Hiram Scott College
- Motto: Lux et veritas (Latin) (Light and truth)
- Type: Private Liberal Arts College
- Established: 1965
- President: Dr. Walter Weese
- Faculty: 30 (1972)
- Students: 1500 (1972)
- Location: Scottsbluff, Nebraska, United States
- Campus: Urban, 280 acres;
- Nickname: Scotties
- Website: hiramscott.com

= Hiram Scott College =

Private college in Scottsbluff, Nebraska, US

Hiram Scott College was a private liberal arts college that operated from 1965 to 1972 in Scottsbluff, Nebraska. Named after Hiram Scott (1805–1828), a fur trapper with the Rocky Mountain Fur Company who was found dead in the vicinity on his return trip from a fur expedition, the institution was one of several Midwestern colleges established by local civic leaders with the support of Parsons College in Fairfield, Iowa. These Parsons "satellite schools" were by-products of the strong growth and apparent success of Parsons during the late 1950s and early 1960s, and all followed the "Parsons Plan" academic model developed at that school. None of the schools, however, were ultimately successful.
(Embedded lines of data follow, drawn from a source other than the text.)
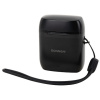 Наушники беспроводные TWS вкладыши с микрофоном, SONNEN EP-BH10B, Bluetooth 5.3, черные, 514122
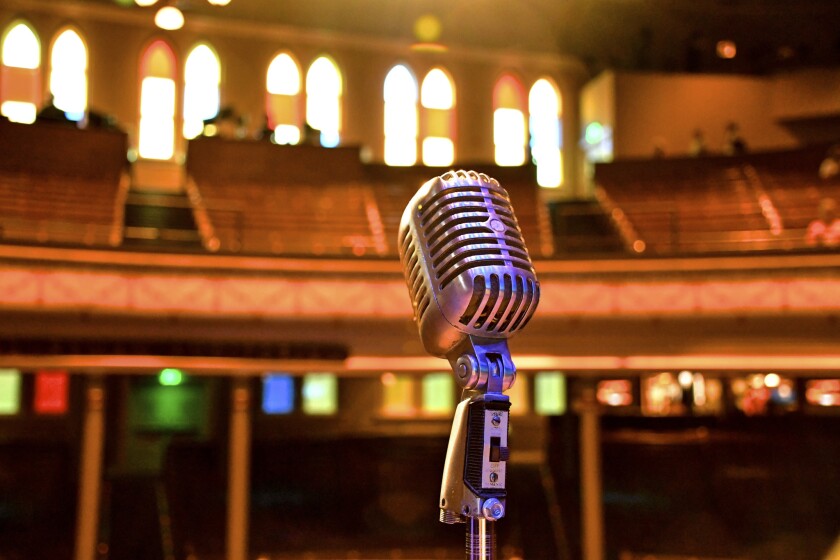 The Ryman Auditorium stopped the music in 1974, but that was not the end of its history.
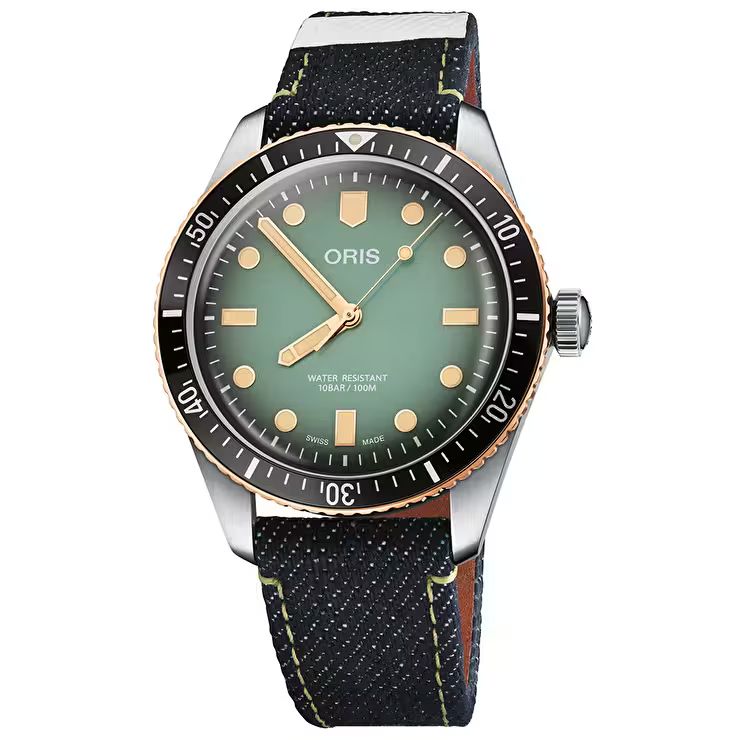 oris Oris x Momotaro 40mm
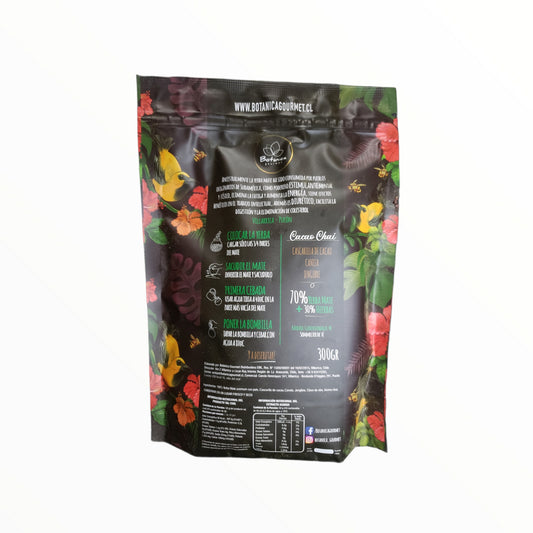 Yerba Mate Botanica Cacao Chai Doypack 300 gr. - Emporio Pewmayen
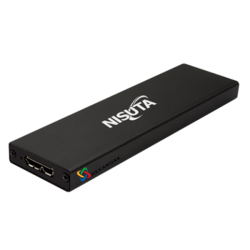 Gaveta externa USB 3.0 disco M.2 SSD NSGASAM2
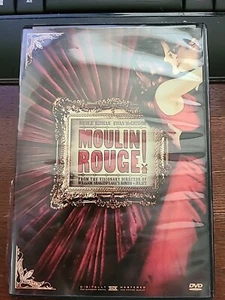 Moulin Rouge DVD Movie 2002 Nicole Kidman - Imagen 1 de 3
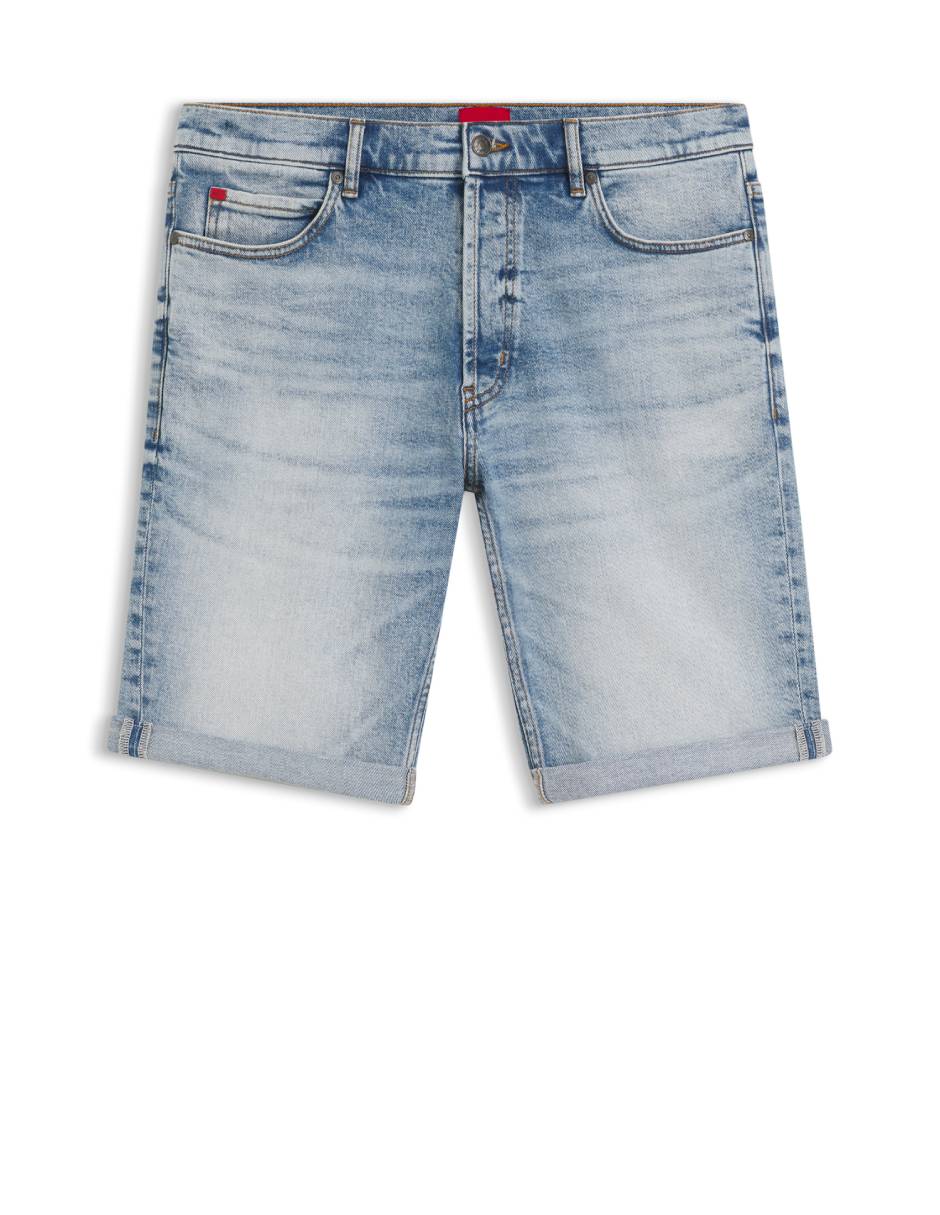 Short Hugo de mezclilla para hombre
The "Parsons Plan" academic model employed at Hiram Scott was devised by Millard Roberts, who was the president of Parsons College from 1955 to 1967; the plan featured innovative teaching and administrative techniques, and emphasized the recruitment of a geographically and academically diverse student body.

Strapped for cash from its inception, to survive Hiram Scott had to keep enrollment at capacity. Each semester 30% of the student body dropped out, dissatisfied with the school's limited curriculum. Instead of looking for ways to keep the students it had, Hiram Scott expanded its recruiting staff to the point that it cost $700 to recruit a student who would pay $2,500 in yearly fees. In December 1970, the trustees declared bankruptcy.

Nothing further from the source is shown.